Unless you’ve been living under a rock for the past few years, you’ve no doubt heard all about the problem that we have with big data. When you start crunching the numbers on data sets in the terabyte range the amount of compute power and storage space that you have to dedicate to the endeavor is staggering. Even at Dell Enterprise Forum some of the talk in the keynote addresses focused on the need to split the processing of big data down into more manageable parallel sets via use of new products such as the VRTX. That’s all well and good. That is, it’s good if you actually believe the problem is with the data in the first place.
Data Vs. Information
Data is just description. It’s a raw material. It’s no more useful to the average person than cotton plants or iron ore. Data is just a singular point on a graph with no axes. Nothing can be inferred from that data point unless you process it somehow. That’s where we start talking about information.
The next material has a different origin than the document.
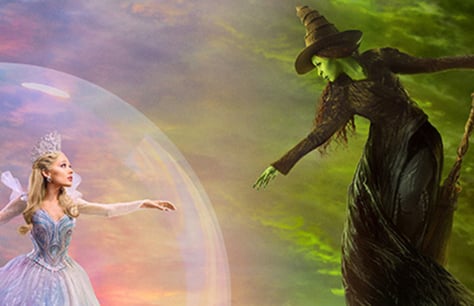 Cynthia Erivo as Elphaba reaches out to Ariana Grande as Glinda in her bubble in Wicked Part 2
Information is the processed form of data. It’s digestible and coherent. It’s a collection of data points that tell a story or support a hypothesis. Information is actionable data. When I have information on something, I can make a decision or present my findings to someone to make a decision. They key is that it is a second-order product. Information can’t exist without data upon which to perform some kind of analysis. And therein lies the problem in our growing “big data” conundrum.
Data is very sedentary. It doesn’t really do much after it’s collected. It may sit around in a database for a few days until someone needs to generate information from it. That’s where analysis comes into play. A table is just a table. It has a height and a width. It has a composition. That’s data. But when we analyze that table, we start generating all kinds of additional information about it. Is it comfortable to sit at the table? What color lamp goes best with it? Is it hard to move across the floor? Would it break if I stood on it? All of that analysis is generated from the data at hand. The data didn’t go anywhere or do anything. I created all that additional information solely from the data.
Look at the above Wikipedia entry for big data. The image on the screen is one of the better examples of information spiraling out of control from analysis of a data set. The picture is a visual example of Wikipedia edits. Note that it doesn’t have anything to do with the data contained in a particular entry. They’re just tracking what people did to describe that data or how they analyzed it. We’ve generated terabytes of information just doing change tracking on a data set. All that data needs to be stored somewhere. That’s what has people in IT sales salivating.
Guilt By Association
If you want to send a DBA screaming into the night, just mention the words associative entity (or junction table). In another lifetime, I was in college to become a DBA. I went through Intro to Databases and learned about all the constructs that we use to contain data sets. I might have even learned a little SQL by accident. What I remember most was about entities. Standard entities are regular data. They have a primary key that describes a row of data, such as a person or a vehicle. That data is pretty static and doesn’t change often. Case in point – how accurate is the height and weight entry on your driver’s license?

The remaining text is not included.